[Stored data]

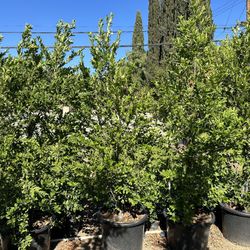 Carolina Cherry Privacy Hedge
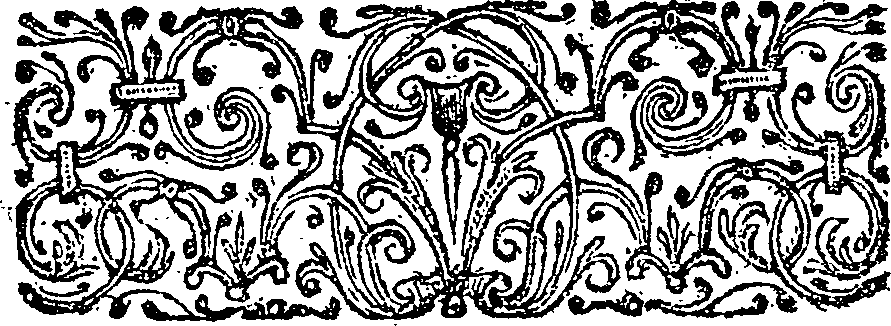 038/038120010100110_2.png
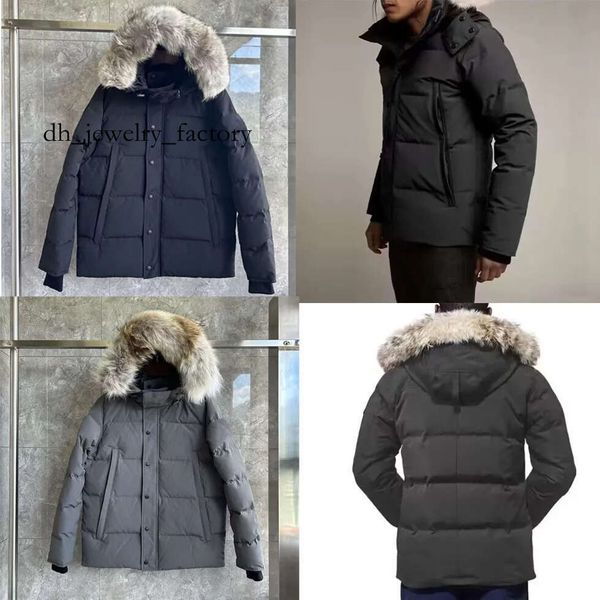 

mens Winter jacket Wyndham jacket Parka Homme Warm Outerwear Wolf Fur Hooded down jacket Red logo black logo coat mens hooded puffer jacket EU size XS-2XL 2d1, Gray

[/Stored data]
[Stored data]

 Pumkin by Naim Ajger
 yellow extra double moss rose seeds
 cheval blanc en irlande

[/Stored data]

**What the exercise asks:**
Copy out exactly the lines above beginning with the line that contains "Carolina Cherry Privacy Hedge" and finishing with the line that contains "mens Winter jacket", including both; leave the pictures out.

**Completed task:**
 Carolina Cherry Privacy Hedge
 038/038120010100110_2.png

mens Winter jacket Wyndham jacket Parka Homme Warm Outerwear Wolf Fur Hooded down jacket Red logo black logo coat mens hooded puffer jacket EU size XS-2XL 2d1, Gray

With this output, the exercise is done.